GeoTIFF and Cloud Optimized GeoTIFF: provides the rules for describing geographic image data using the TIFF file format
GeoJSON: defines the rules for describing geographic features using JSON.
NetCDF: supports electronic encoding of geospatial data, specifically digital geospatial information representing space and time-varying phenomena, using the HDF file format.
NARA RFC 4180: There is no single encoding standard for creating CSV files; however, the Library of Congress uses the NARA RFC 4180 as the encoding format specification to define the structure of CSV files.
OGC Web Map Service: allows users to remotely access georeferenced map images via HTTPS requests.
OGC Web Coverage Service: allows users to access online geospatial data in multiple raster-based data formats (e.g.
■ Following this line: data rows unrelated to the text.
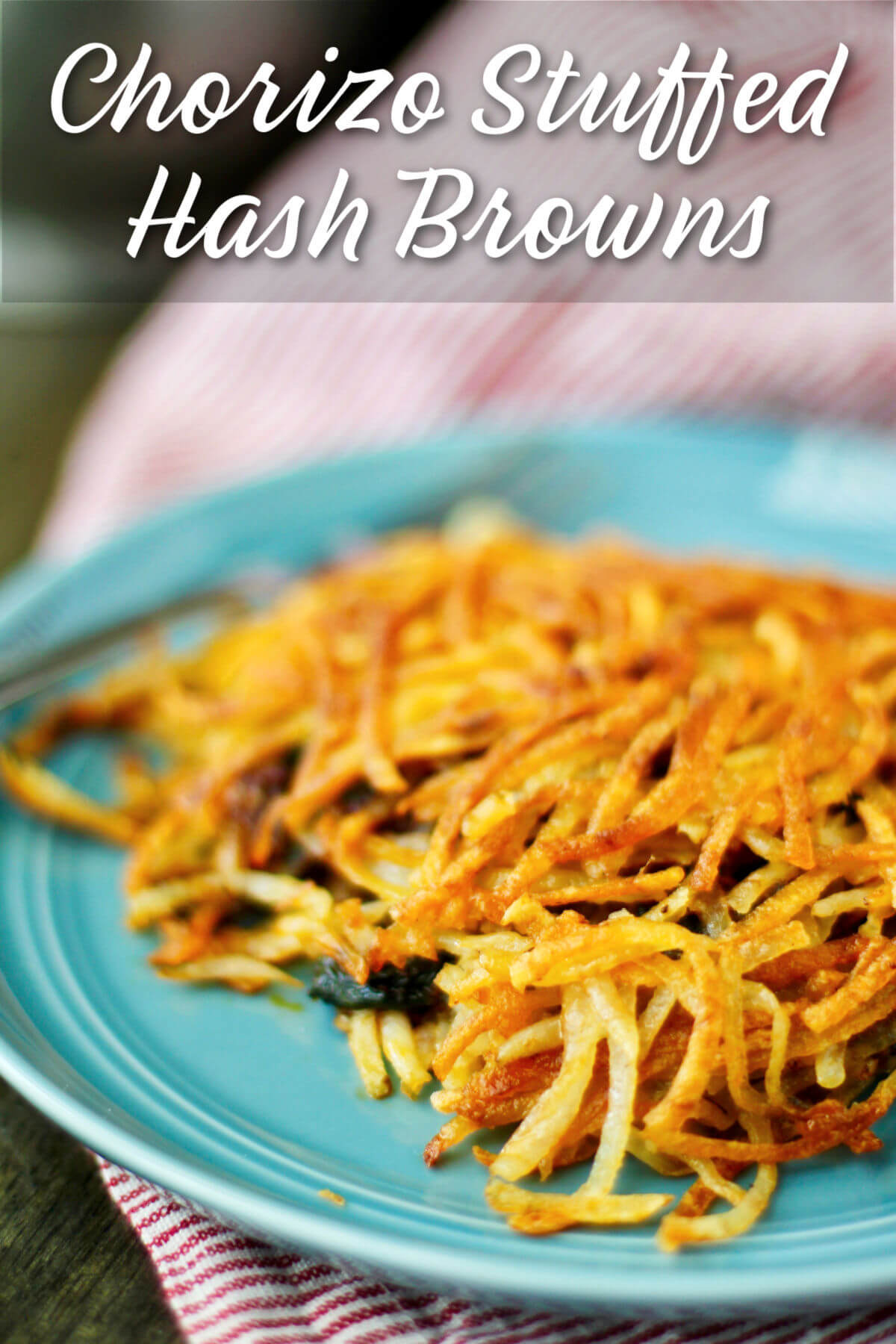 Chorizo and Spinach Stuffed Hash Browns on a plate.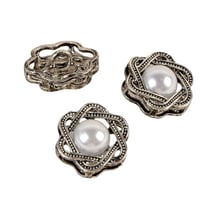 Bouton perles blanc 20mm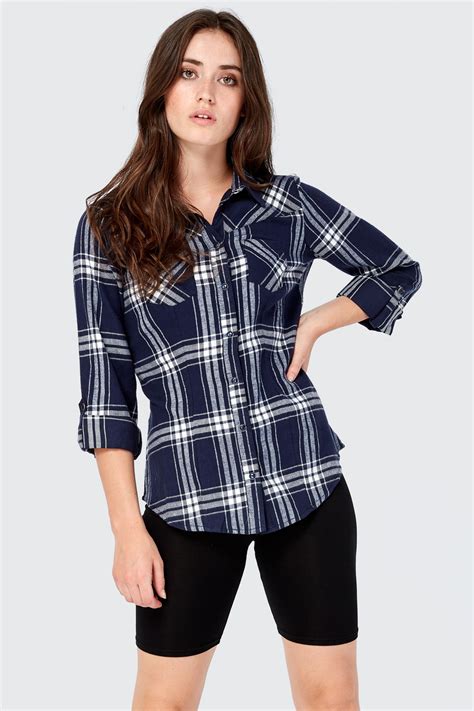 Navy Brushed Check Shirt Shirt Outfit Women Checkered Shirt Outfit Women Checked Shirt Women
GeoTiffs, .img, ENVI (.hdr) file types).
GML Web Feature Service: allows users to access online geospatial data at the feature level using formats such as Shapefile, GML, etc.
Abbreviations and Acronyms
CSV – comma separated values
ENVI - ENvironment for Visualizing Images
GML - Geography Markup Language
HTTPS – Hypertext Transfer Protocol Secure
JSON - JavaScript Object Notation
NARA RFC - National Archives and Records Administration Request For Comments
NetCDF - Network Common Data Form
OGC - Open Geospatial Consortium
TIFF - Tag Image File Format
Documenting data standards in metadata
Parameter-level and dataset-level data standards should be documented in the accompanying data dictionary and metadata record. For example, if following the Content Standard for Digital Geospatial Metadata (CSDGM), the dataset-level data standards can be documented in the Entity and Attribute Overview Description section of the metadata and the parameter-level data standards can be documented in the Entity and Attribute Detailed Description for each attribute described in the metadata record.
In any given Federal agency, there can be multiple groups of experts that produce standards and authorities that approve them, often based on the science topic. There is no single group that establishes or recommends standards for the USGS.
Standards often evolve out of communities of practice coming together and agreeing on common practices. Here is an example of an evolving best practice that hasn’t been formally ratified by a standards authority. Does your USGS project use community guidelines that you’d like us to link here? Contact GS_Data_Management@usgs.gov.
"The data collected and the techniques used by USGS scientists should conform to or reference national and international standards and protocols if they exist and when they are relevant and appropriate. For datasets of a given type, and if national or international metadata standards exist, the data are indexed with metadata that facilitate access and integration."
USGS Survey ManualChapter SM 502.6 - Fundamental Science Practices: Scientific Data Management Foundation specifies that a data management plan will include standards and intended actions as appropriate to the project for acquiring, processing, analyzing, preserving, publishing/sharing, describing, and managing the quality of, backing up, and securing the data holdings.